Yeah, congratulations on the M&A progress in the pipeline. My first question, really on the equity financing side, it sounds like the pipeline is pretty solid there and you're positioned for a better rest of the year. Can you talk a little bit about the pipeline mix, is - previously you'd called out energy and healthcare is always pretty strong, kind of the mix of that pipeline would be helpful.
Yeah, I think Mike, it's quite a bit like it has been the last few years, which is just heavily dominated by healthcare. We always look at sort of the market segments and specifically, market cap is under 2 billion, 3 billion, 4 billion, there's been times in the market where the - half of that entire fee pool is healthcare. And so, we expect that to continue and when the mix of ECM is heavy healthcare, that's certainly good for us.
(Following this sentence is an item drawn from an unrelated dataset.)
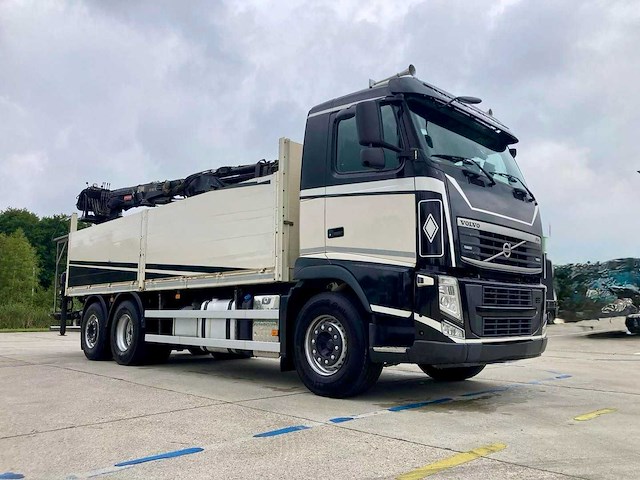 2013 volvo fh kraanwagen - vrachtwagen - afbeelding 23 van  31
We do expect - we are obviously off to a slow start with energy, obviously, you've seen quite a big move in energy prices. I personally think that will lead to a better back half for ECM, energy and M&A for energy. So, I would say that would be another sector, I would call out as a good possibility. And then, we've been on several of these technology transactions, obviously, as a smaller player, but there's been quite a bit of volume. So, we expect that to continue this year as well.
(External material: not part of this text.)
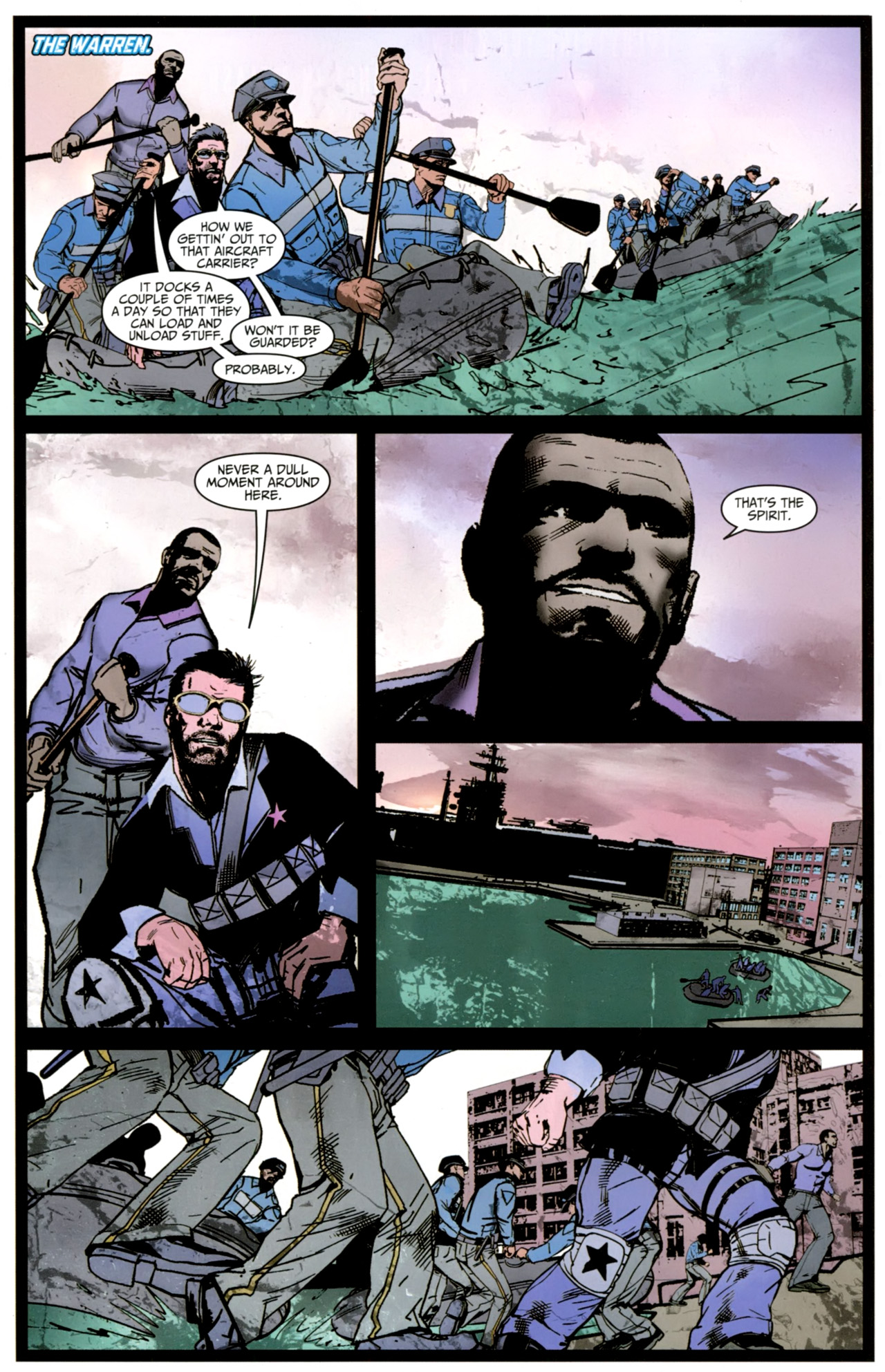 Read online inFamous comic -  Issue #5 - 10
Great. It sounds like you're adding 2 MDs in healthcare in 2Q. Should we expect or kind of plan for a couple more MDs the rest of the year in banking, or how should we think about that?
Yeah, I think, our goal is always, as we stated a few times, to try to add four to five, net
MDs, and obviously, we're adding a - we're excited to talk about it on the next call a couple of healthcare MDs, it would certainly be our expectation that we could add a couple more net MDs, throughout the rest of the year, but we only have a few more months kind of to get that done. And you never know if we'll come to the right deal. But, we're certainly hopeful on that.
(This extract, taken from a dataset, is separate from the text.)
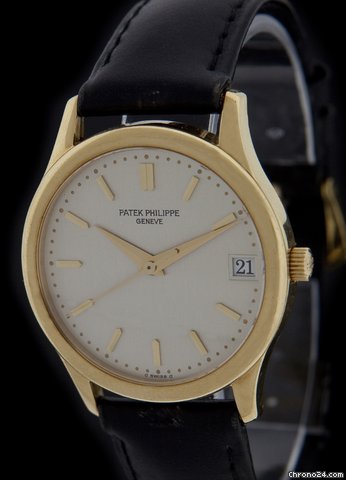 Patek Philippe Yellow Gold Calatrava Automatic 3998 watches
And then maybe one for Deb. Just what's your confidence level on sort of debt financing and debt trading for the rest of the year? '18 was really challenging. What kind, you're four months into the year, what kind of year you think '19 will be at a high level.
Yeah, we had talked about really coming into the year, looking at the overall volume and really speaking to the municipal market issuance being up 10% to 15%. I think that was really a view that was held pretty widely on the streets and I would say Q1 was lower than anticipated. So not sure yet exactly what that means for the total for the year. I would say what we're seeing is definite pickup in our pipeline and view that as being quite strong. So, maybe a little difficult to predict, but definitely issuance level is rebounding as we go through the year in part aided by these low interest rates.
We have no further questions in queue. I'll turn the call back to the presenters for closing remarks.
Okay, thanks, operator. We're very pleased with our start to 2019 and we look forward to updating you all again following the second quarter. Thanks, everybody. Have a great day.
This concludes today's conference call. You may now disconnect.